Australian ‘right to repair’ law guarantees data access to repairers, not part makers

Independent repairers in Australia now have access to all OEM information needed to diagnose, service, and repair vehicles under legislation meant to “establish a fair playing field” in the industry.

Under the Motor Vehicle Information Scheme (MVIS), which took effect July 1, OEMs are required to make service and repair information available to independent shops at a price that does not exceed fair market value. (repairerdrivennews.com)

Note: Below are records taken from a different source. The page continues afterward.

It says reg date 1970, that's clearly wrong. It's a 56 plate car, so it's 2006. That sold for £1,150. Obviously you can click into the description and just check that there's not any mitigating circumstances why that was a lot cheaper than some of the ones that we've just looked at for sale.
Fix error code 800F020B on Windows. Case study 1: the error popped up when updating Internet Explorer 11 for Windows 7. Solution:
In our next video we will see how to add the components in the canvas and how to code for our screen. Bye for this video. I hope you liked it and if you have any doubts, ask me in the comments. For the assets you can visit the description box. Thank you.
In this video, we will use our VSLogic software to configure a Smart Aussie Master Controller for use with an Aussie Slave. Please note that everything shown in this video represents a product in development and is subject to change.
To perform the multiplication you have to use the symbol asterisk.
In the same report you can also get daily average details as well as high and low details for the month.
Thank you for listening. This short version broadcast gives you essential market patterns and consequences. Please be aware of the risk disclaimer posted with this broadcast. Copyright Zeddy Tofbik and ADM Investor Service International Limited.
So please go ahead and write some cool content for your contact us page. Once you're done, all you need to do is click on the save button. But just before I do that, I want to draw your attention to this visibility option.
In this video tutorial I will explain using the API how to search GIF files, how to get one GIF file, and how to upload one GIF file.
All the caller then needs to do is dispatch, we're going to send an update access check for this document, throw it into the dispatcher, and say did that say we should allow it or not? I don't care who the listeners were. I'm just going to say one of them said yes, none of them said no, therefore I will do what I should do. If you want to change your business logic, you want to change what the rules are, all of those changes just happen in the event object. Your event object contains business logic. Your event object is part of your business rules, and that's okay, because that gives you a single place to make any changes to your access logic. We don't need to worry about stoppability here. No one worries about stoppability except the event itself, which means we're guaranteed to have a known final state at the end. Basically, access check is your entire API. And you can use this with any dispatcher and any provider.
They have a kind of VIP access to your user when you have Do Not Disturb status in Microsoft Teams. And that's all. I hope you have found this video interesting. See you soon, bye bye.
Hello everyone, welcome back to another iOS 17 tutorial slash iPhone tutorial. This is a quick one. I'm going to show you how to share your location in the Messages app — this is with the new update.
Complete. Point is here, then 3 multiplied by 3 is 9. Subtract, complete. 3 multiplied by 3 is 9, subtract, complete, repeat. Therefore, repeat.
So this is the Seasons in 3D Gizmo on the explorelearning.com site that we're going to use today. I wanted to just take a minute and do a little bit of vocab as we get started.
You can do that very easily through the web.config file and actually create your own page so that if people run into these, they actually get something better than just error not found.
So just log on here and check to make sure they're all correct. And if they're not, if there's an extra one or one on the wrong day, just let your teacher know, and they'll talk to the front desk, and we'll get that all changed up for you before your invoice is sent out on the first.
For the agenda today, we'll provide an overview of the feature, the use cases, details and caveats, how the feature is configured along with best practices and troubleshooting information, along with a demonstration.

Former Harley Davidson partner Vance and Hines weighs in on FTC order

The FTC’s decision was a strong message to Harley-Davidson, and it’s hard to imagine that several aftermarket companies were not pleased at this, particularly Vance & Hines, whose HD-oriented products are also popular with non-race customers.  According to multiple powersports news sources, including Powersports Business, Mike Kennedy, V&H’s CEO, issued a statement after the FTC’s finding saying:

“This action taken by the FTC is a huge win for motorcycle riders. While we still need to see how this plays out, we anticipate that riders will have more choices in how they repair and update their motorcycles during the warranty period, which is clearly a big deal for companies in the motorcycle aftermarket, too. I hope that the ‘it will void your warranty’ threat for someone who just wants a better sounding or smoother running Harley is a thing of the past.”